Our intention wasn’t to force Tim to stay in a tent, nor to sound like heartless jerks. But that’s how it came out, and Tim reports that our email instantly became a joke at work. No one could pass Tim in the hall without saying, “i.e., YOU!” and chuckling to themselves.
Needless to say, the camper van idea quickly died, and we’ve been staying in a random assortment of accommodations throughout New Zealand. When we received an offer to stay in Dunedin, one of the world’s southernmost cities, with Beverly, a former New Mexican who is friends with Jackie, one of our workout pals from our local YMCA, we jumped on it. Although the original plan had been for Maikael and I to stay with her, Beverly graciously offered all three of us to stay in her apartment during our visit to Dunedin.
Dunedin was primarily settled by the Scots, and the town’s name is Gaelic for Edinburgh. It’s obvious to see why Dunedin was selected as a Scottish outpost: rolling green hills surround the historic town center, which is ringed by a lovely harbor. We parked our car outside the Regent Theatre and heard the sound of bagpipes drifting through the streets: this was the Scotland of the southern hemisphere.
Beverly showed us to her apartment, a darling, historic building built by local confectioner Richard Hudson as staff quarters, perched high above town with sweeping views of the harbor. She then graciously handed over her apartment to the three of us, offering to stay at her daughter’s house in “The Harry Potter Broom Closet” during our visit, the kindness of strangers astounding me once again. Maybe we could finally redeem ourselves for that “i.e., you” comment?
After we settled in we made our way to her daughter, Shane’s, house, who had prepared a tres New Zealand dinner: local wine, meat pies, and Pavlova for dessert. We met Beverly’s four grandsons, cool kids who were not only well-mannered, but able to participate in adult conversation. Peter is the oldest at 11, followed by Oliver, Theo, and Linus, the youngest and most extroverted at five. They provided a history of Dunedin from a youthful perspective. We learned that thousands of Jaffas, a New Zealand candy, are raced down Baldwin Street each July, which proudly holds the distinction of the World’s Steepest Residential Street, with a 19 degree slope. They made fun of our goofy American accents, and we egged them on by asking them, “How do you say ‘fish and chips?’” “Fush and chups?” Oliver responded, cautiously.
The boys are real Kiwis; as not-yet-teenagers, they are accomplished outdoorsmen. They sail, run, hike, bike, fish, camp - you name it. They also know to operate a TIG welder.

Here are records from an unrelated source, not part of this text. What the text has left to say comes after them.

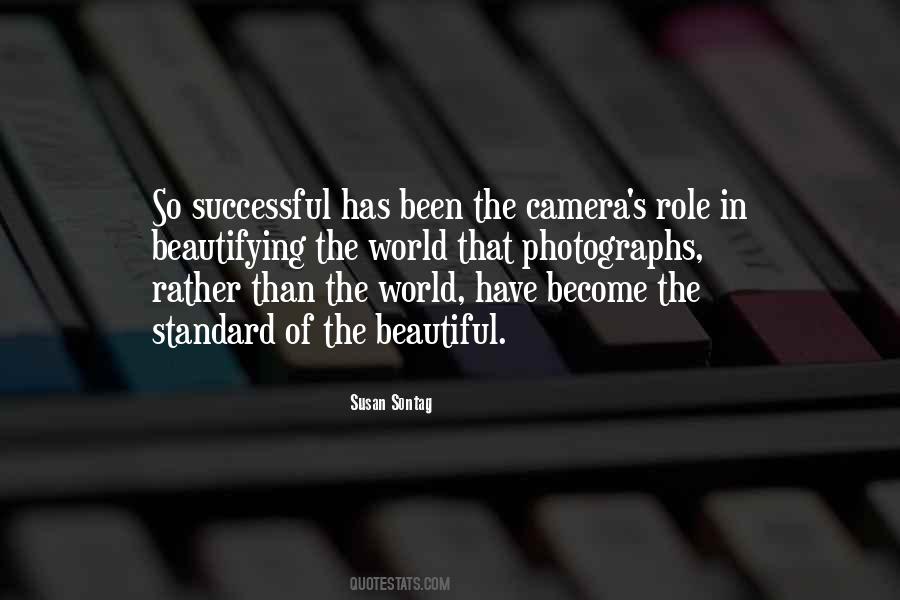 Quotes About The Camera #1373775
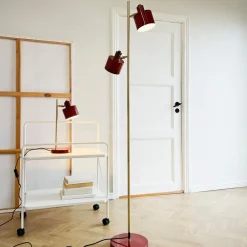 Clearance Dyberg Larsen Ocean golvlampa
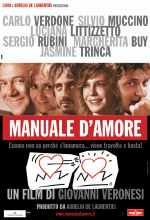 Manuale D'amore - 2005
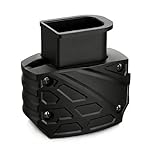Mag Speed Loader, Schnelllader Aus Polymermaterial, Schnelles und HandfreundlichesVon Magazinen für 9 Mm/.40, für Taktische Paintball-Spiele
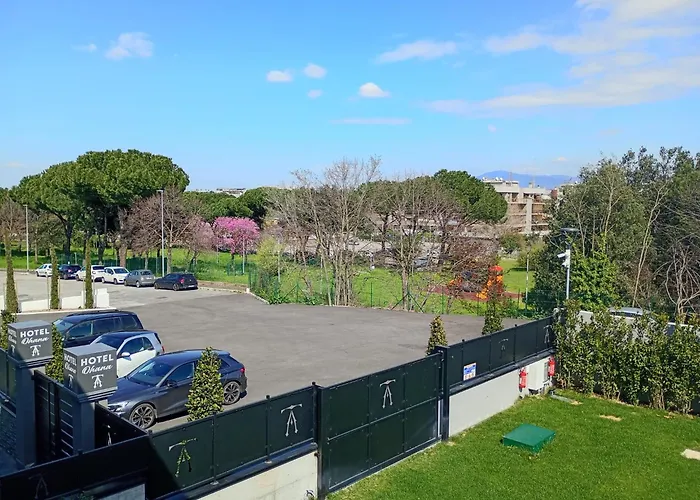 Hotel Ohana Roma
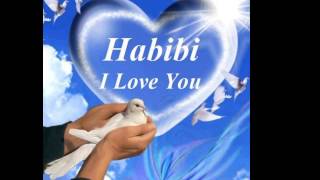 TÉLÉCHARGER AHMED CHAWKI HABIBI I LOVE YOU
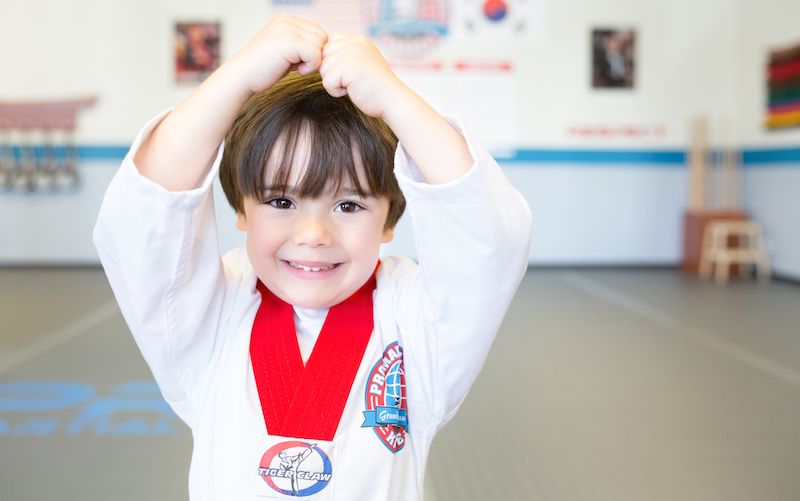 Kids Martial Arts in Lake Orion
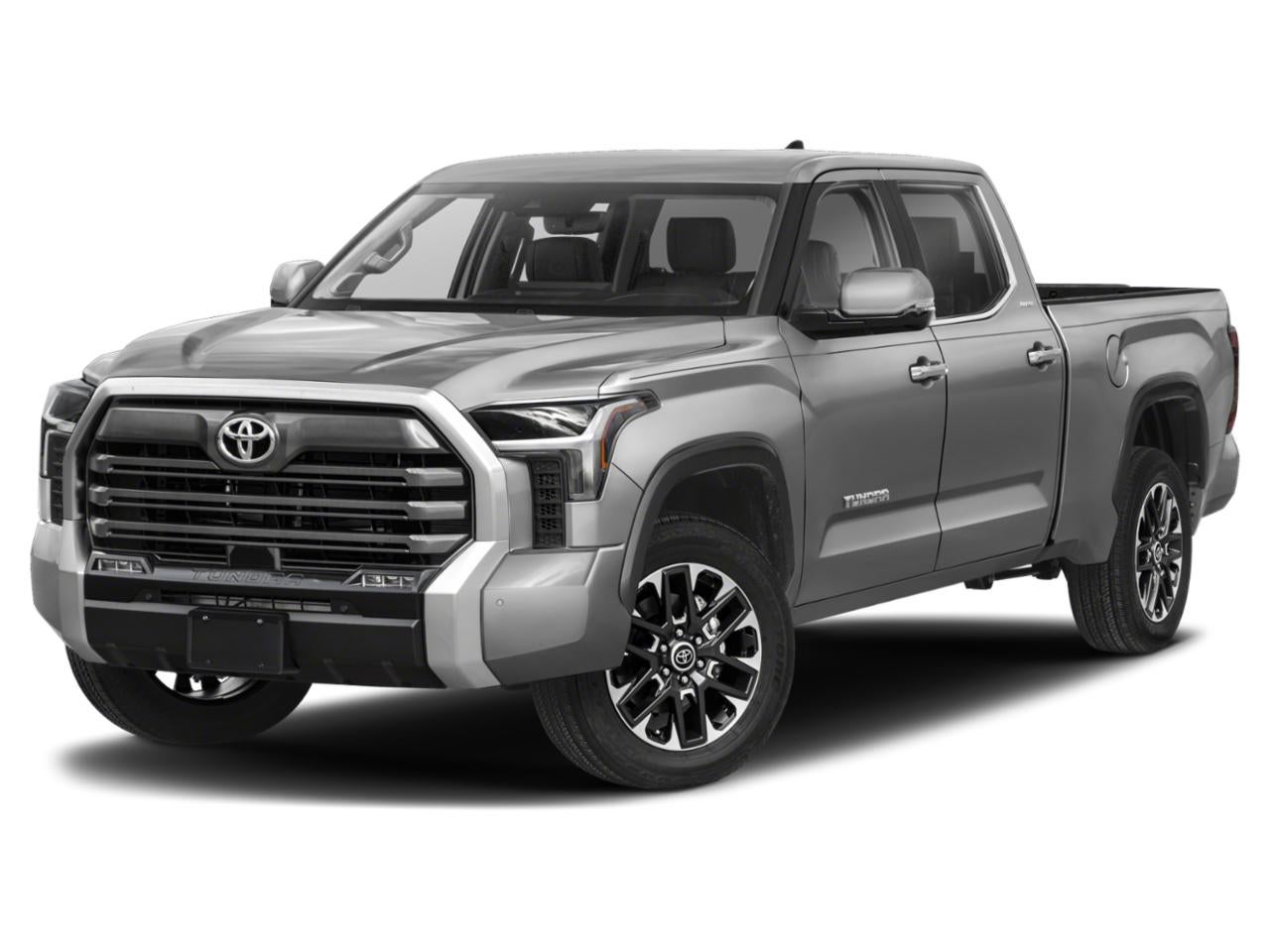 2022 Toyota Tundra 4WD 4WD Limited CrewMax 5.5' Bed (Natl)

When we met up with the family the next day, the kids proved they’re made of both brains and brawn. Peter asked us what we thought of the recent US presidential election, weighing in with his opinion of Barak Obama. As we made our way towards the nature-rich Otago Peninsula in the car, Peter asked, “Have you ever been in a protest?” “No,” we responded. “I have!” he said, cheerily. He was clearly opposed to the construction of a new rugby stadium, that would only be used a few days a year. What was wrong with the old one? he wondered. His civic-mindedness overrode an obvious penchant for sports. Kiwis are nothing if not resourceful, caring deeply about making the most of one’s resources. This is the first place in the world where I’ve seen a hybrid taxi cab, painted bright green.
We taught them all about calling “Shotgun!” on car trips which, in retrospect, might not have been the smartest thing to teach four brothers. (Due to our American accents, I’m pretty sure that Linus thinks it’s called “Shutgun,” and will consequently go through life as a pop culture pariah.) Then we passed along “Slug Bug” and “Popeye;” again, teaching four boys a game whose primary objective is punching other people was probably not the smartest thing. When we reached the Royal Albatross Refuge, which shelters these massive birds with three meter (nine feet) wing spans, Tim excitedly told the boys about throwing bread at birds when he was little. Within minutes, Oliver was chucking pebbles at low-flying seagulls. It’s obvious that none of us are parents.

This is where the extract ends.